** THE PROBLEM **
Leave out the pictures and copy everything else in the entries exactly.

########

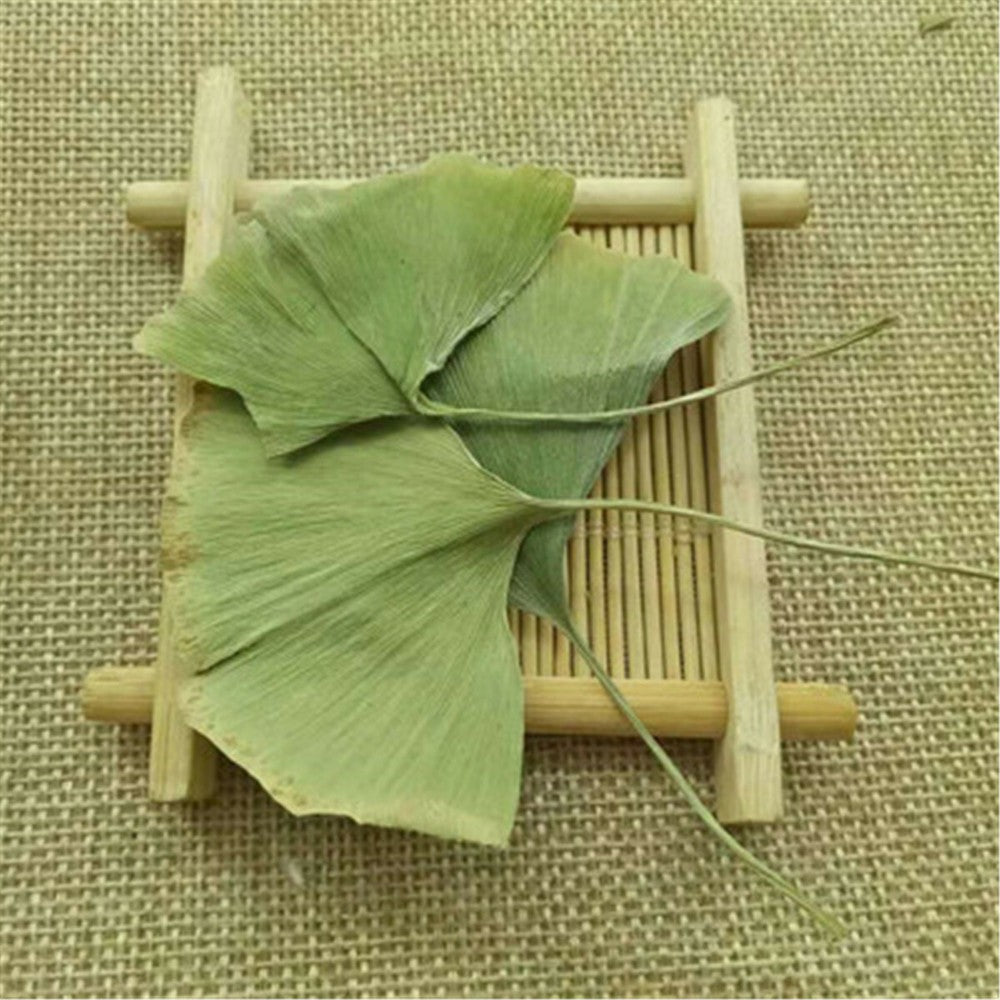 Ginkgo Biloba Leaves Chinese Wild Ginkgo Tea Medicinal Tea Healthy Herbal Tea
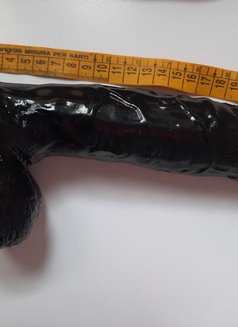 African bull - Intérprete masculino de adultos in Pune Photo 2 of 2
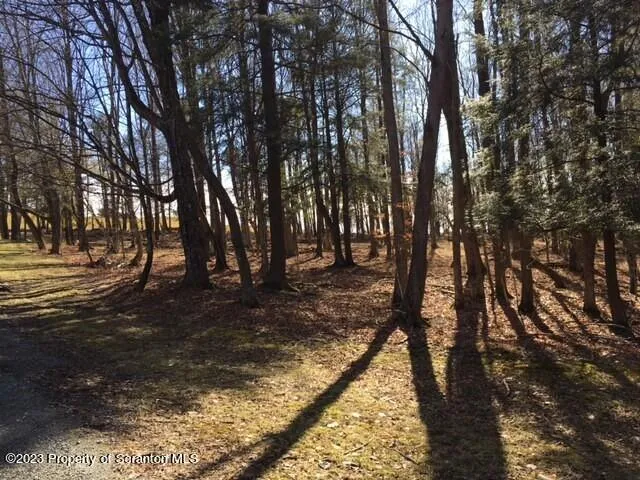 a view of a forest with trees in the background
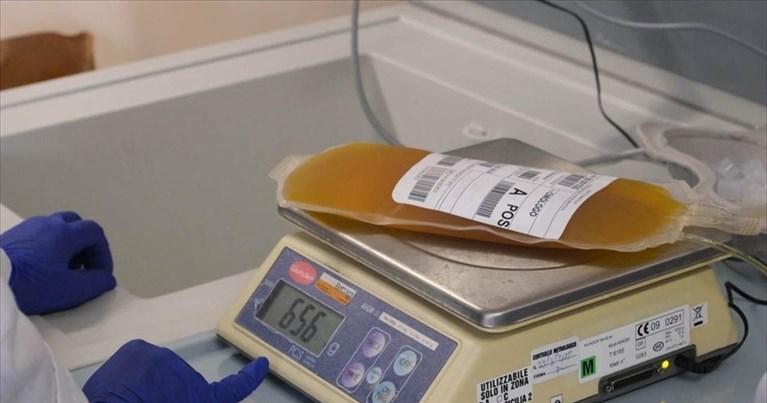 covid e plasma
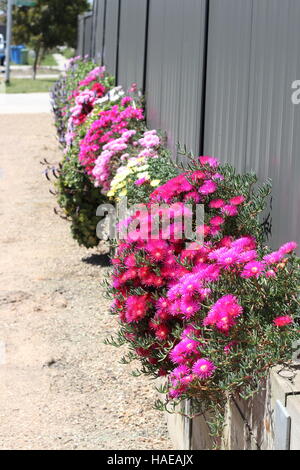 Eine Reihe von gemischten Farben von rosa Schwein Gesicht Blumen oder Mesembryanthemum wächst in der Nähe von Metallzaun und Stützmauer Stockfoto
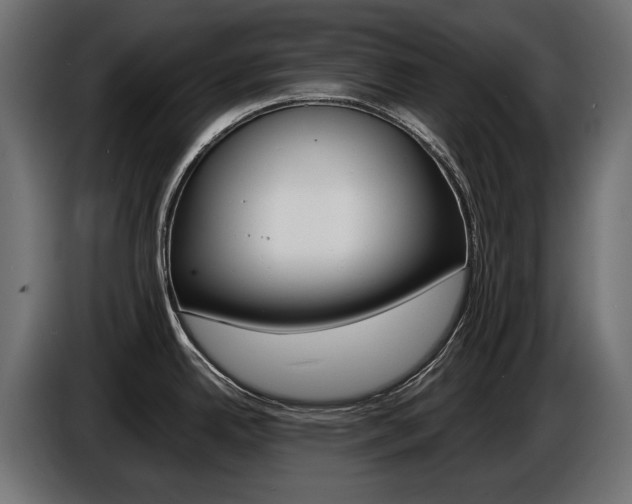 X0000086961342200704161115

########

** REPLY TO THE TASK **
 Ginkgo Biloba Leaves Chinese Wild Ginkgo Tea Medicinal Tea Healthy Herbal Tea
 African bull - Intérprete masculino de adultos in Pune Photo 2 of 2
 a view of a forest with trees in the background
 covid e plasma
 Eine Reihe von gemischten Farben von rosa Schwein Gesicht Blumen oder Mesembryanthemum wächst in der Nähe von Metallzaun und Stützmauer Stockfoto
 X0000086961342200704161115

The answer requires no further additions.